**YOUR ASSIGNMENT:** After locating the line with "Small Image of", repeat it and every following line to the end of the listing, exactly. Omit the pictures.

**DATA SECTION:**
══════════════════════════════

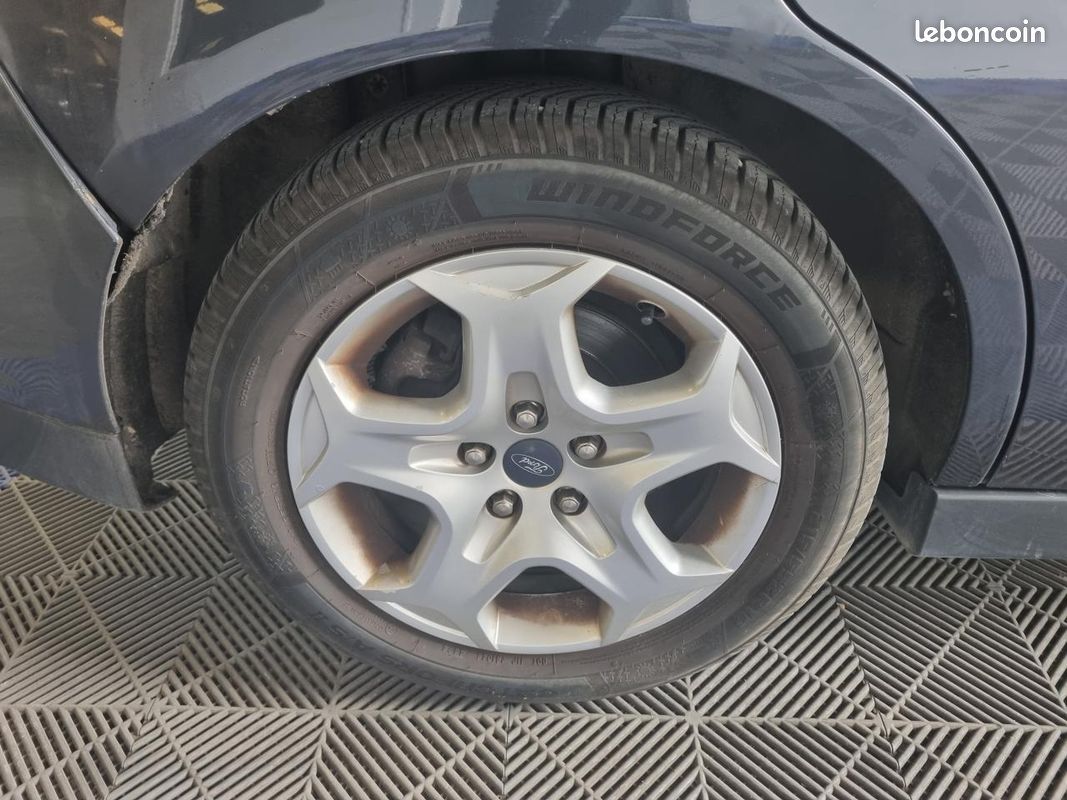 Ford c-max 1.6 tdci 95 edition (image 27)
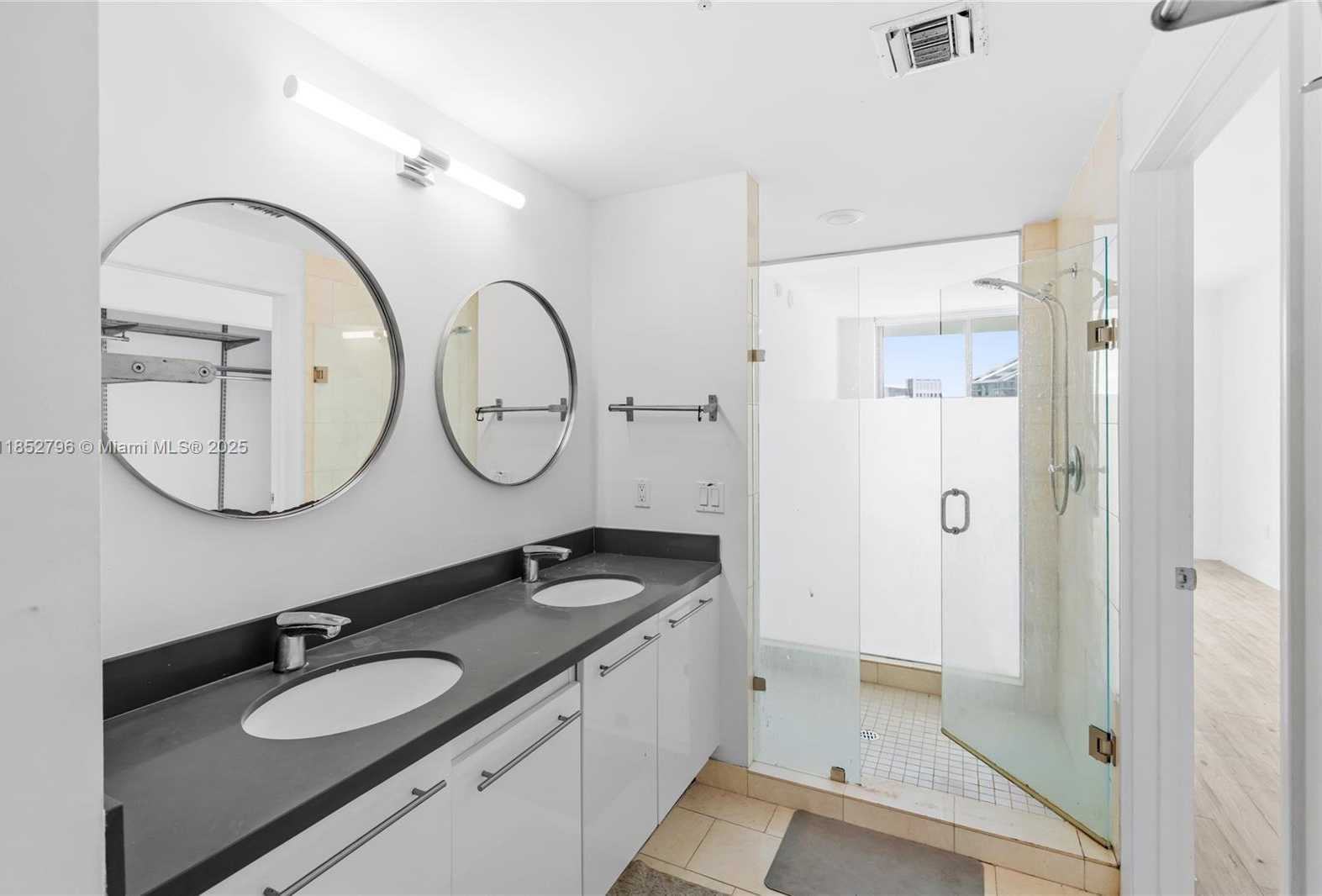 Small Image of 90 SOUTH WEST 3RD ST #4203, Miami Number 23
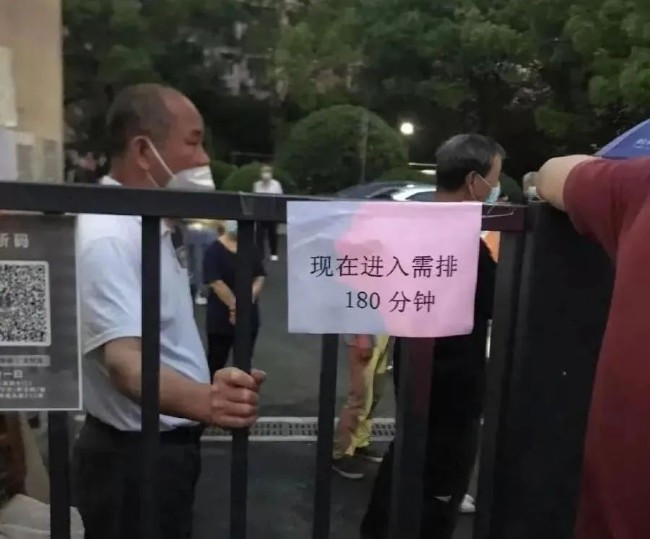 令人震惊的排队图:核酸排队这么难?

══════════════════════════════

**ANSWER BOX:**
 Small Image of 90 SOUTH WEST 3RD ST #4203, Miami Number 23
 令人震惊的排队图:核酸排队这么难?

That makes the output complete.